Married people have fewer expenses due to shared resources. If they were single they’d have two houses and sets of bills. If they are married they have one. Most tax breaks for married couples are in recognition of the huge expense of raising a child. If you deliberately never raise a child then you have no need and should pay your fair share of taxes like other people. Keep in mind that is my opinion.
Keep in mind I never said penalize married people. Please don’t change what I said and then argue with it. You’re really arguing with your imagination when you do that and attributing one side to me. Before I go along with that, I’d like to see a more active and creative and fair imagination. If you think up something really really smart and attribute it to me I might not mind, though out of modesty I generally don’t go along with it and give credit where credit is due.
You aren’t making sense. The lack of evidence for every claim you make plus the inconsistencies in your position create a huge chasm and the rest of us keep pushing you over that cliff.
You claim that gays shouldn’t have the right to marry because they can’t have children; however, there are plenty of married straight people without children and some gay couples with children so things aren’t as black and white as you seem to believe. When someone points out that plenty of married straight people can’t or don’t have children, you backtrack since you aren’t prepared to state that any straight couple should be ever be denied marriage rights. When the other half of that argument is rebutted by the fact that there are gay people who do have children, you distinguish between “artificial” and natural children, yet you have no evidence at all that those so called natural children are in any way different from the “artificial” ones. It’s a false dichotomy anyway since plenty of straight parents have “artificial” children too. So out comes the nugget of gays raising children and how you believe that is harmful, yet again there is no evidence. Sprinkle in some feces and goats and the ever present meme that “gays are icky” and the whole argument stinks.

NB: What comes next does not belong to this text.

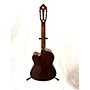 Used Lucero LC100CE Classical Acoustic Electric Guitar Natural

So far as I can tell, no one here has correctly laid out the process of Equal Protection analysis as a matter of law.
For example, David42, any time the law creates a classification of any kind – treating gays differently than straights, for instance – it may be assessed under Equal Protection analysis.
When the class created by the law is a suspect class, such as race or gender, heightened scrutiny is applied to the law. If the class created by the law is not a suspect class – we might imagine a law which treated left-handed people differently – then we apply what’s known as the rational basis test.
The rational basis test is applied by the court as follows: the court asks if there is any rational connection between the law and a legitimate government objective.
This test confuses people mightily.
People seem to mentally transform this test into asking whther the law does a good job, or the best job, of furthering the government interest. For instance, they ask, “If encouraging procreation is a legitimate government objective, then why does the government not test for fertility before issuing a marriage license?”
That’s asking why the government doesn’t use a better method of furthering their objective. That inquiry has no place in rational basis analysis.
Countless times I have said the children thing does not address my gay marriage arguments. The problem here is what you will accept as evidence, more or less, and a deliberate refusal to even try to understand metaphor.
What if the gays were the horses? Horses v goats just illustrates DIFFERENCES, nothing more. I compared feces to food, not gays. To compare gays to feces, I’d have to say “gays are like feces.” Comparing things does not mean they are alike. You can compare things to show how unalike they are as well. A comparison is exactly setting two things side by side and observing how different or alike they are. It is you who has made the conclusion that gays are like feces and goats, not me.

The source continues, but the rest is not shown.